Your task
Copy the material below verbatim from the line with "Now, no matter" to the line with "What we're going", both lines included, omitting pictures and every line outside that range.

Records for this task
☆ ☆ ☆ ☆

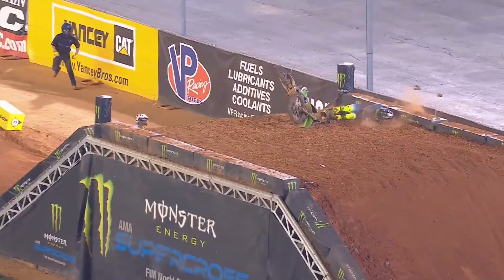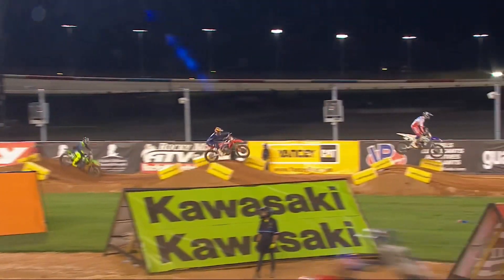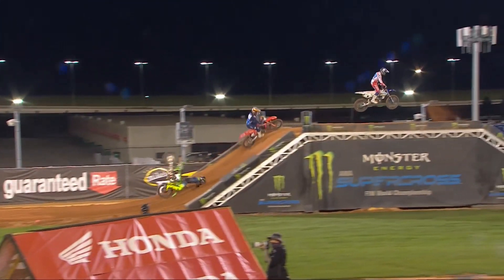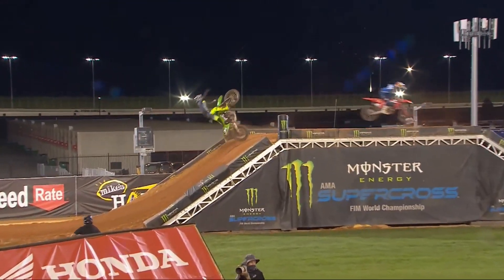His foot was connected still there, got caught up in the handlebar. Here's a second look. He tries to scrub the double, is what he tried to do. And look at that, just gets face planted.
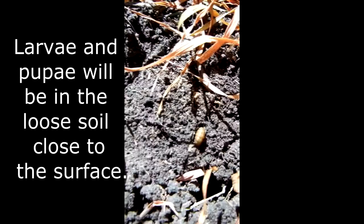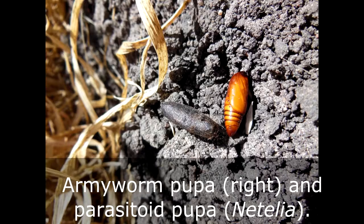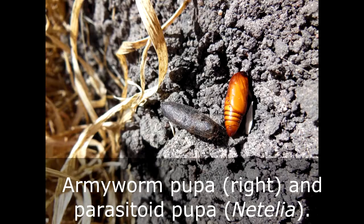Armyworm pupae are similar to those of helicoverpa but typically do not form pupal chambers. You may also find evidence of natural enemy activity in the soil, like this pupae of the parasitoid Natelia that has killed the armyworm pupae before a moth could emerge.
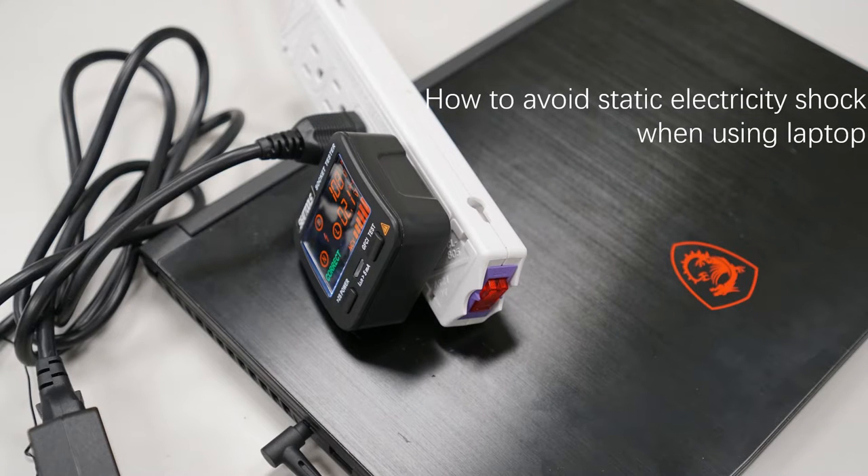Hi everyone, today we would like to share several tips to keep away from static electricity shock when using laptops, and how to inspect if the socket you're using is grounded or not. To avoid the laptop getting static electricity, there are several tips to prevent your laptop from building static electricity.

☆ ☆ ☆ ☆

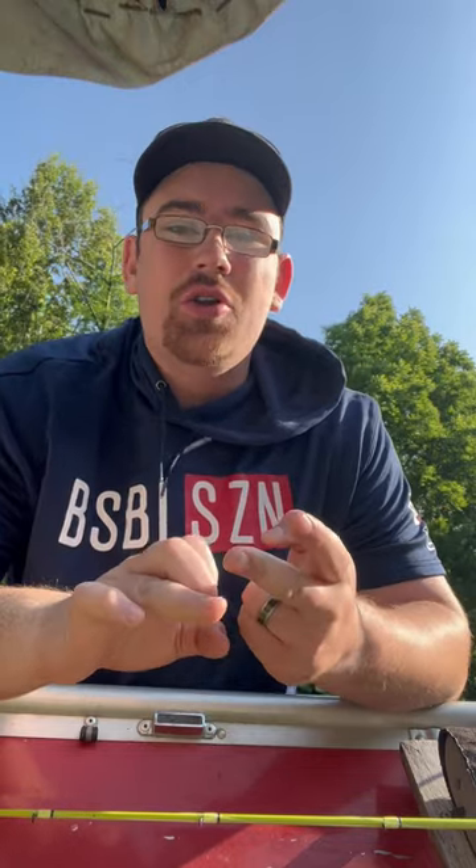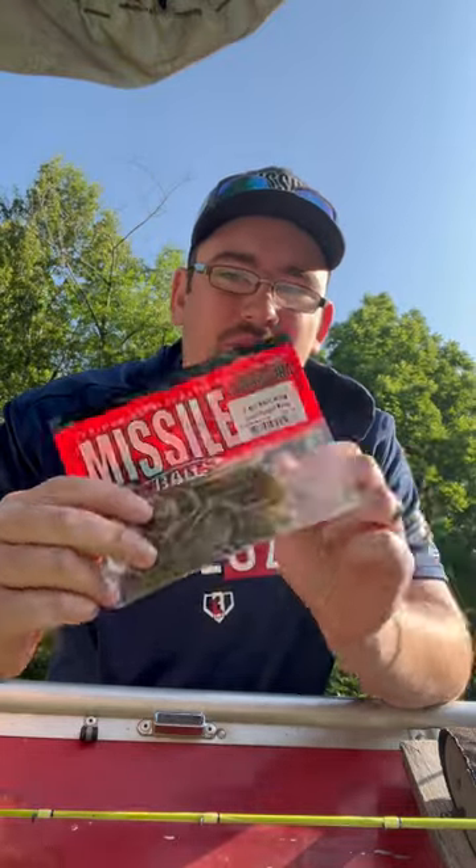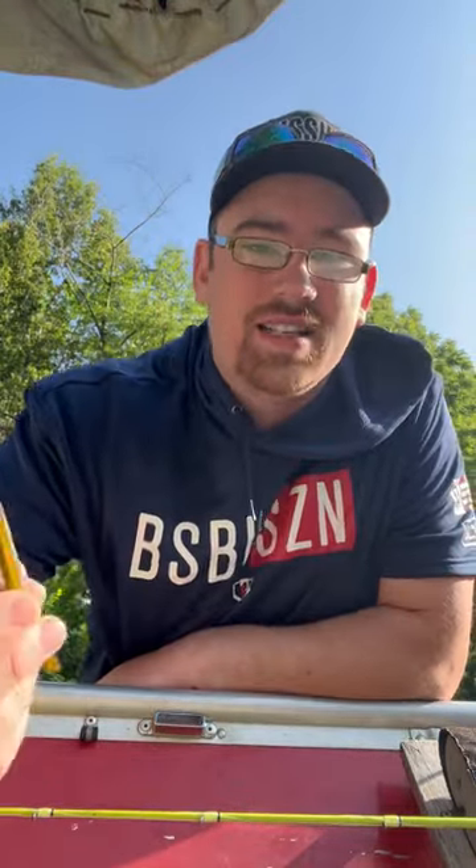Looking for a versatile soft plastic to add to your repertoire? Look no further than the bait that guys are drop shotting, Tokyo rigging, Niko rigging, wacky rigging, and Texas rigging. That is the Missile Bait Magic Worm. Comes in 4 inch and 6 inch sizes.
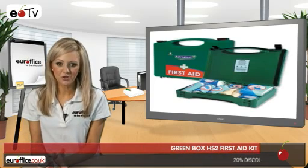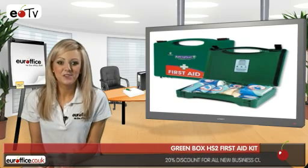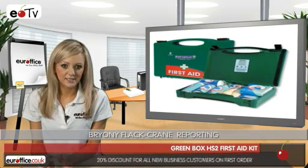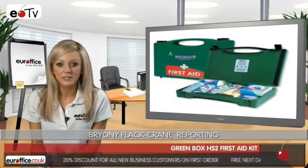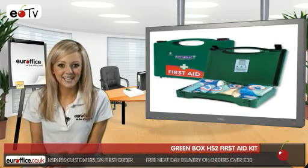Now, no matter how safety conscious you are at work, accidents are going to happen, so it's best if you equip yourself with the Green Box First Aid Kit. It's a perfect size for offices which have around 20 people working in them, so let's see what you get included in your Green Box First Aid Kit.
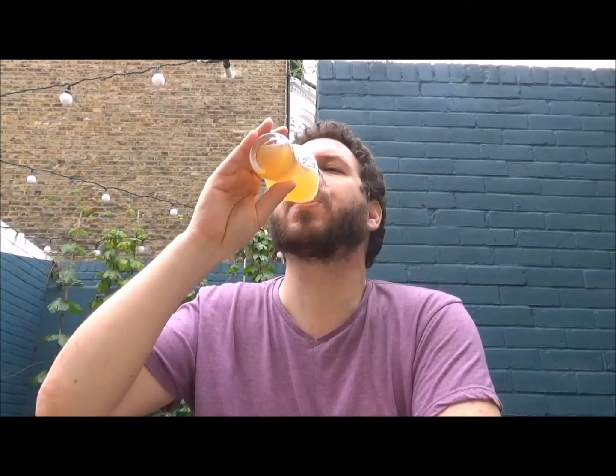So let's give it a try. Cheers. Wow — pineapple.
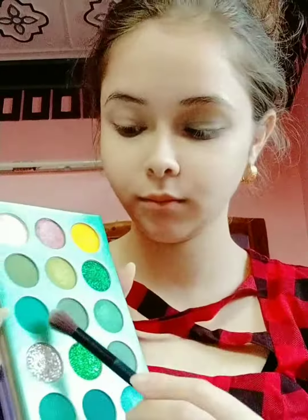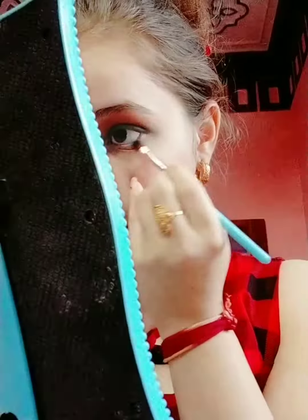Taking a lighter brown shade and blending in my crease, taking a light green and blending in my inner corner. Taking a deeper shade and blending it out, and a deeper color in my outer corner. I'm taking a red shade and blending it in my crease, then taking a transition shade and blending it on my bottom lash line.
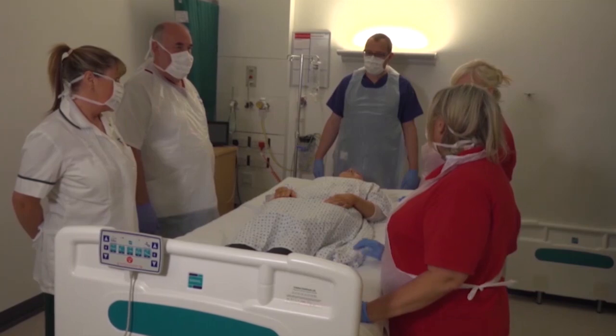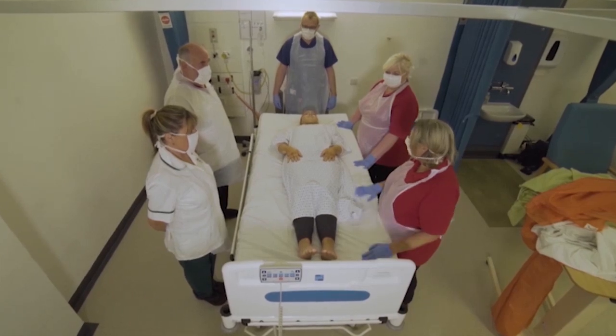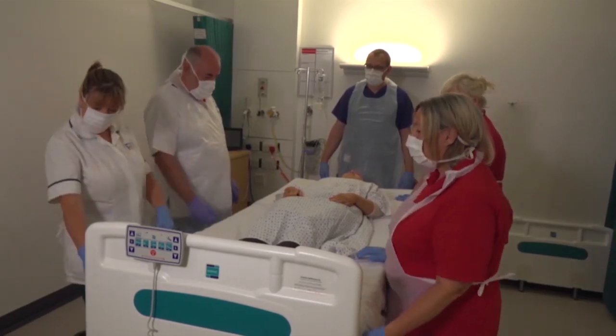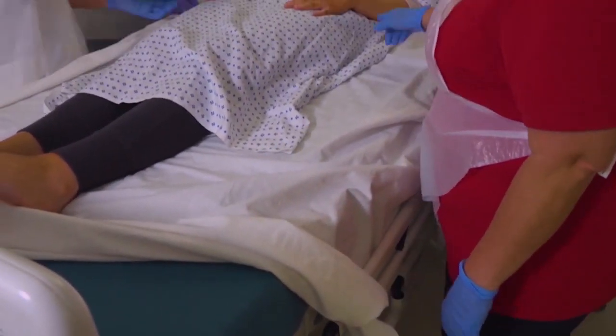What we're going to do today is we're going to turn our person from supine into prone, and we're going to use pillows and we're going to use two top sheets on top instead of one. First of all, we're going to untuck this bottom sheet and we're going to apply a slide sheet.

☆ ☆ ☆ ☆

Output
Now, no matter how safety conscious you are at work, accidents are going to happen, so it's best if you equip yourself with the Green Box First Aid Kit. It's a perfect size for offices which have around 20 people working in them, so let's see what you get included in your Green Box First Aid Kit.
So let's give it a try. Cheers. Wow — pineapple.
Taking a lighter brown shade and blending in my crease, taking a light green and blending in my inner corner. Taking a deeper shade and blending it out, and a deeper color in my outer corner. I'm taking a red shade and blending it in my crease, then taking a transition shade and blending it on my bottom lash line.
What we're going to do today is we're going to turn our person from supine into prone, and we're going to use pillows and we're going to use two top sheets on top instead of one. First of all, we're going to untuck this bottom sheet and we're going to apply a slide sheet.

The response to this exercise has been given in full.